• Task directions:
Look through the data below and output, unchanged, every line from the one holding "Maui's Best Coffee screenshot-3" through the one holding "Minecraft скин по нику oTechh", inclusive. Skip the pictures.

-------- Dataset content --------

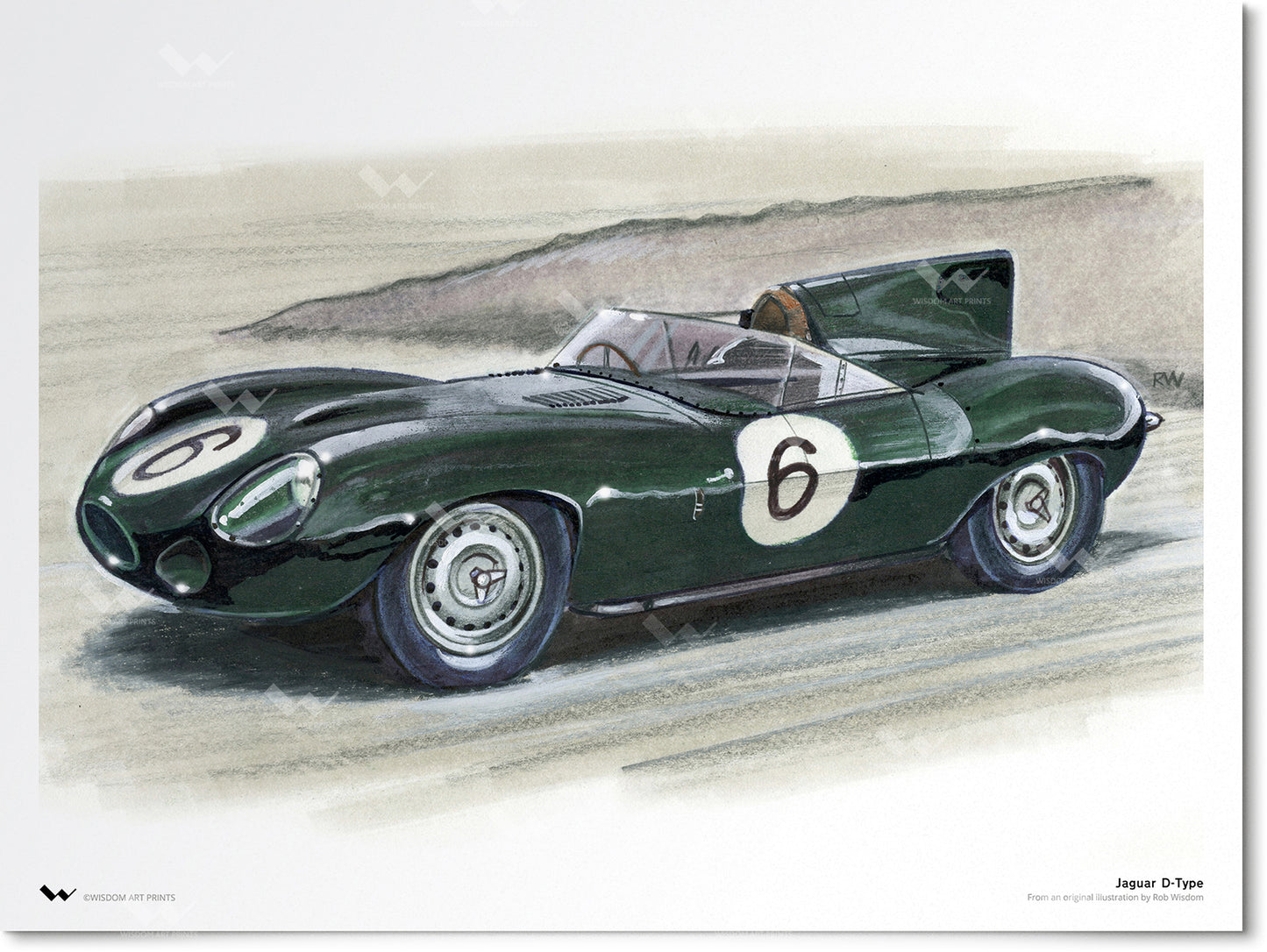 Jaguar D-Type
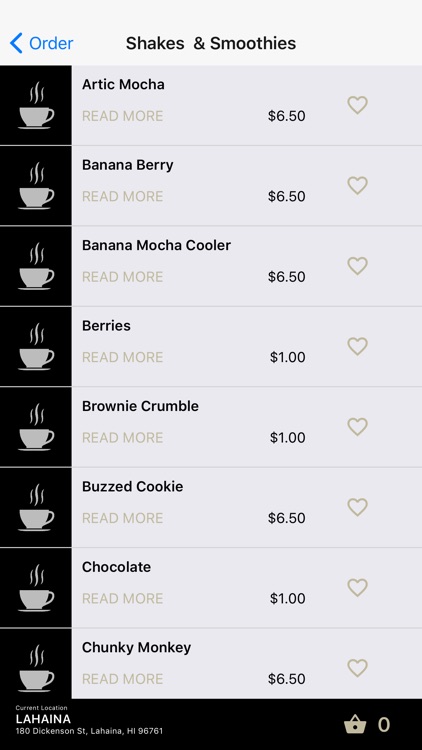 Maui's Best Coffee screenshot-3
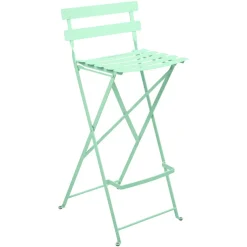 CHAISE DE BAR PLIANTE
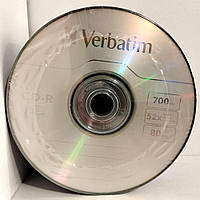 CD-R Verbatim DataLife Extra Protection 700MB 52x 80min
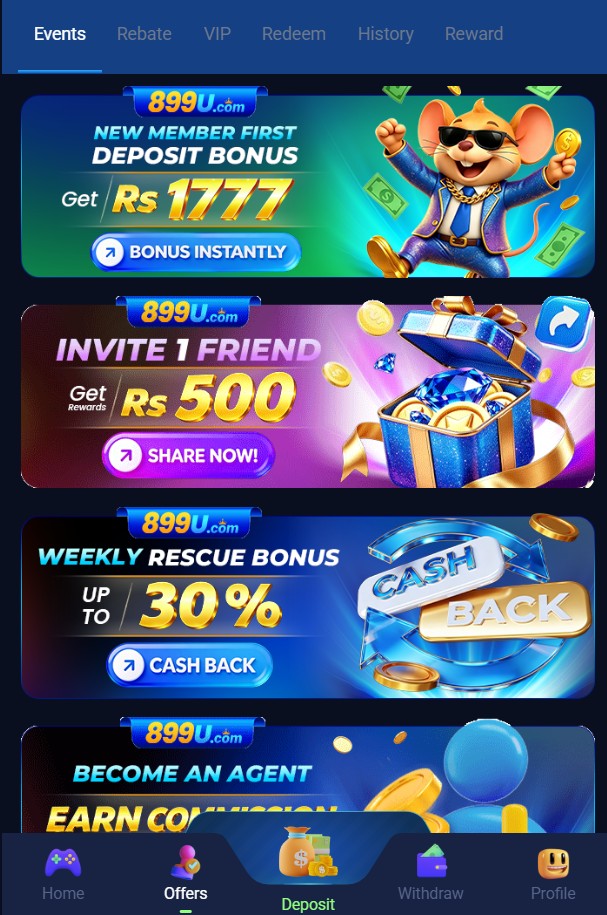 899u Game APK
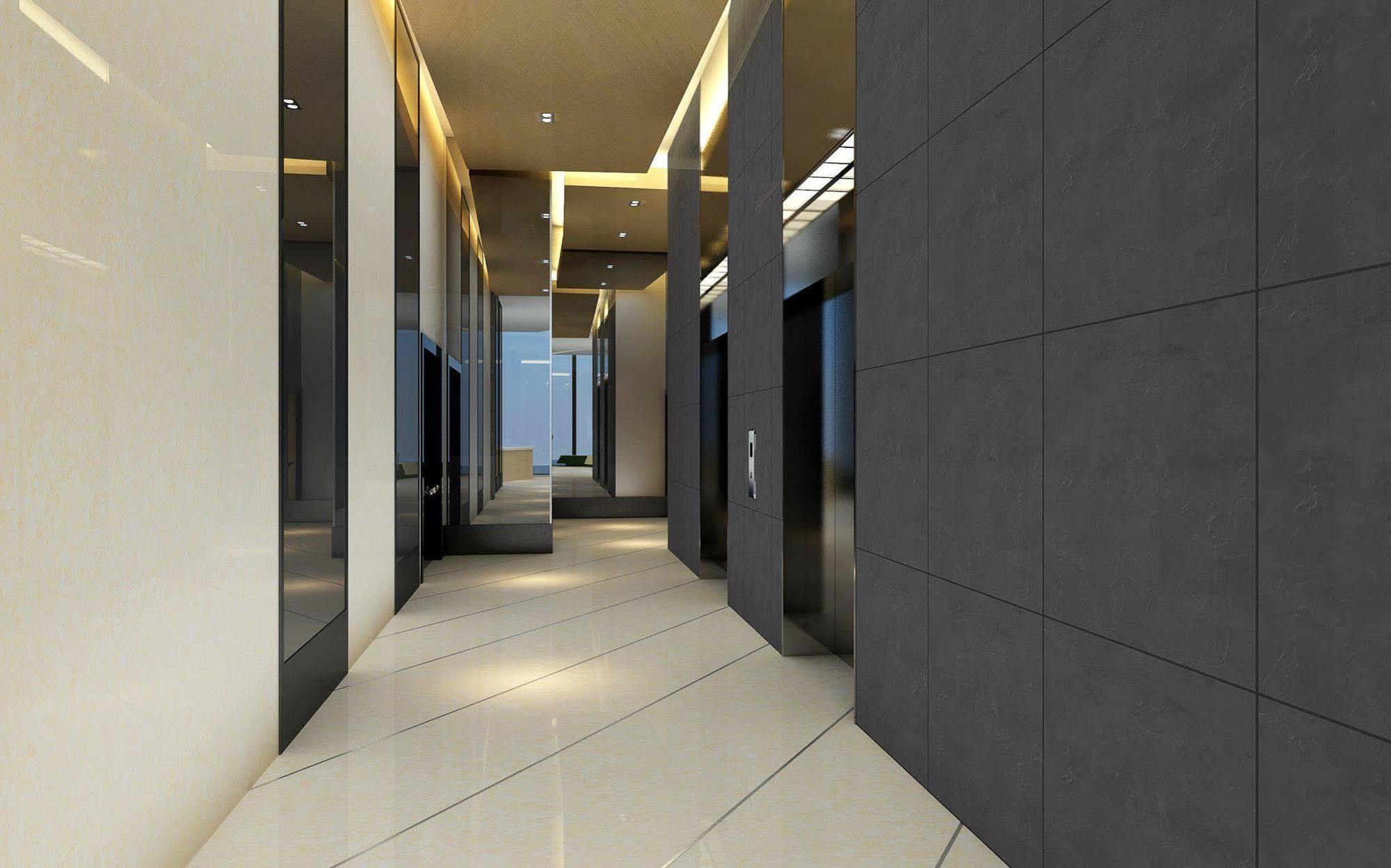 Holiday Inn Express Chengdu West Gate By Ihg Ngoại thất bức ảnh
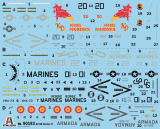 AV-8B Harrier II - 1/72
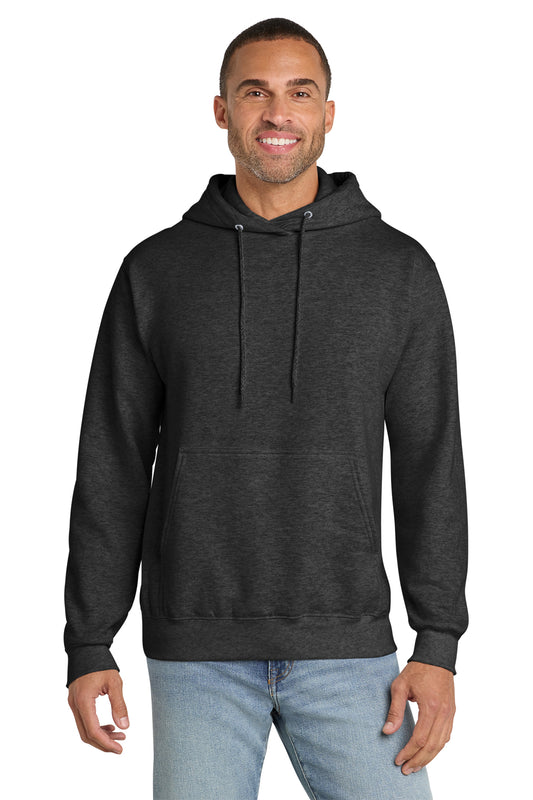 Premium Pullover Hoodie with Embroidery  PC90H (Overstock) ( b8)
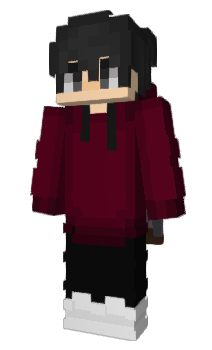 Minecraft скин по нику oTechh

--------
-------- Dataset content --------

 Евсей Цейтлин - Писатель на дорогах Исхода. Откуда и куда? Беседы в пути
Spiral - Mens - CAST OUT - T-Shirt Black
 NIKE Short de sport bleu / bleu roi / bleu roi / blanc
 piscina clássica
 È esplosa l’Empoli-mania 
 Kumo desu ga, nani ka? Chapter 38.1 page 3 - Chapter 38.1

--------
-------- Dataset content --------

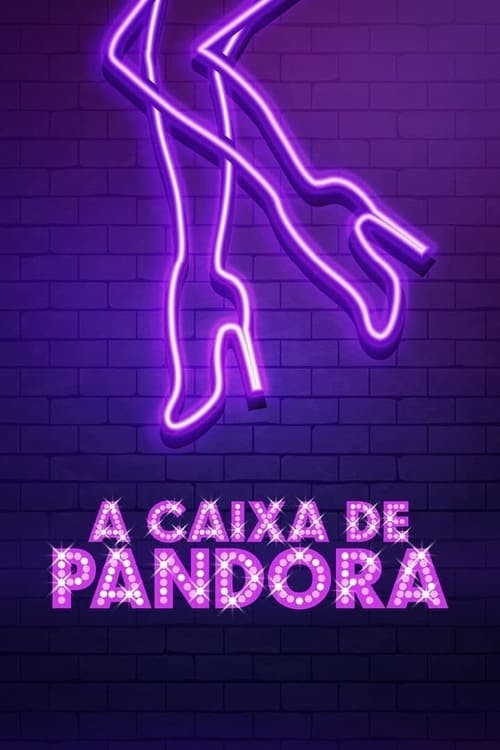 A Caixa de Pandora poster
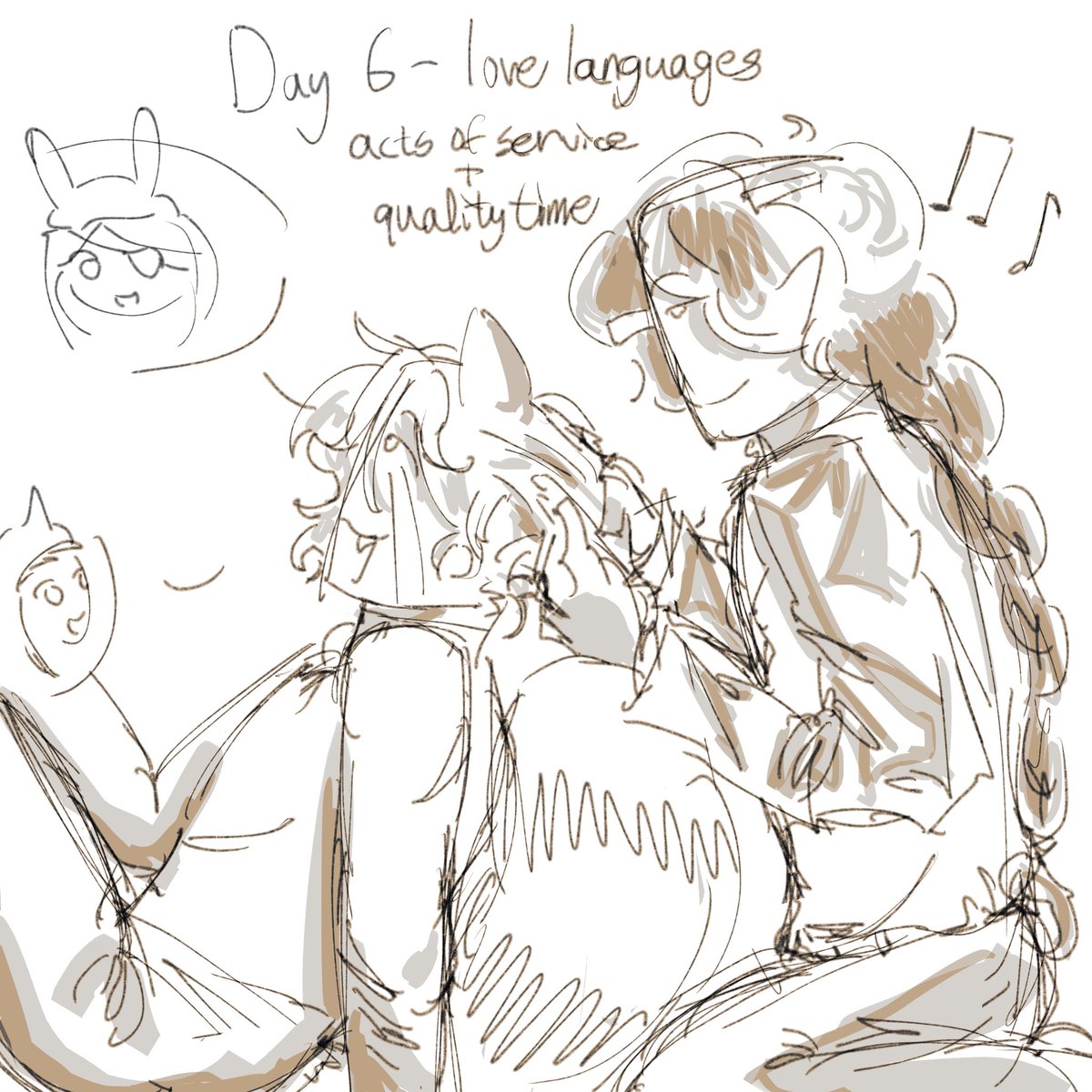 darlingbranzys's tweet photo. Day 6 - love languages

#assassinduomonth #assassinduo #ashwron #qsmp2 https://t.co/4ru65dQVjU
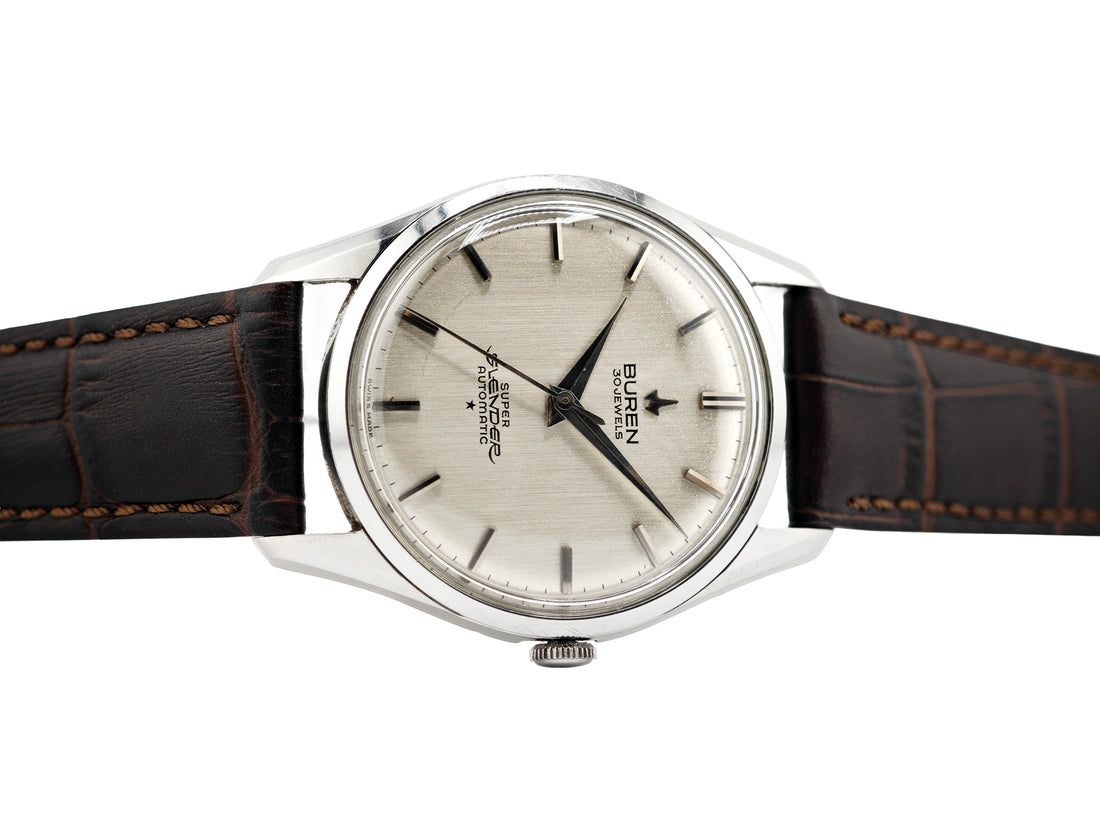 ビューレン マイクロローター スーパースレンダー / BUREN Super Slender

--------

• Exercise result:
 Maui's Best Coffee screenshot-3
 CHAISE DE BAR PLIANTE
 CD-R Verbatim DataLife Extra Protection 700MB 52x 80min
 899u Game APK
 Holiday Inn Express Chengdu West Gate By Ihg Ngoại thất bức ảnh
 AV-8B Harrier II - 1/72
 Premium Pullover Hoodie with Embroidery  PC90H (Overstock) ( b8)
 Minecraft скин по нику oTechh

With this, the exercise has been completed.